Growth ought to be highest goal right now, finance minister P Chidambaram declared at the outset of his Budget speech on Thursday and sought to find commonality between the two apparently dichotomous objectives he proposed to achieve — relentless fiscal correction and largesse to the electorate ahead of an election year. Relying on a nominal GDP growth estimate of 13.4%, a 10% surcharge on both the “relatively prosperous” individuals and corporates and an aggressive disinvestment agenda, Chidambaram proposed the 2012-14 Budget size at R16.65 lakh crore, 16.3% higher than the revised estimate (RE) of this year, which saw a 4% expenditure compression.

What this means is as a percentage of the GDP, government expenditure is set to rise again — to 14.6% — after declining steadily from the 2009-10 peak of 15.9% to 14.3% in 2012-13. The economic growth the minister assumed came into question later in the day though, with the Central Statistical Office saying third quarter GDP growth was a disconcerting 4.5%.

The finance minister obviously thinks the economy is bottoming out and at least from the first quarter of next fiscal, growth would pick up. Several incentives announced in the Budget to stimulate the investment cycle, he hopes, could help accelerate the growth momentum during the course of next year. While Prime Minister Manmohan Singh said the Budget laid the road map for investments, the Opposition called it “lacklustre” and “unimaginative”.
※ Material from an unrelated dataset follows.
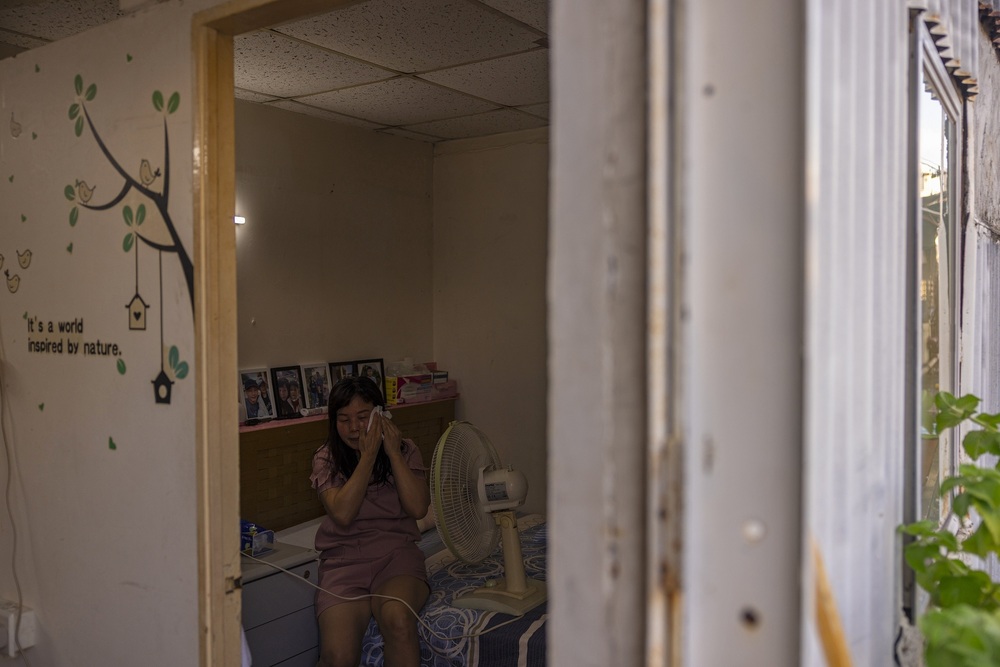 Ying wipes her sweat from her head amid the summer heat in Hong Kong, Wednesday, Aug. 9, 2023. (AP)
The Budget pegged the fiscal deficit at 5.2% for this year and 4.8% in 2013-14, despite the higher-than-expected hike in allocations for most flagship schemes. To square up, the minister also hinged on a 10% reduction in spending on subsidies next year to R23,1084 crore (a 30% cut in oil subsidies thanks to diesel price deregulation is under way). The proposed reduction is strictly not that big, given that the revised estimate for this year is 36% higher than the budgeted level and the Direct Benefit Transfer scheme would be “rolled out fully” next year (the minister hasn’t said what all would be covered under DBT, though.)

Chidambaram vowed to support the food security Bill — expected to be the UPA’s chief poll plank in 2014 — but provided just R10,000 crore as additional food subsidy outlay for next year, as against an extra R50,000 crore sought by the food ministry. There could be higher disbursal for food subsidy towards the later half of next year.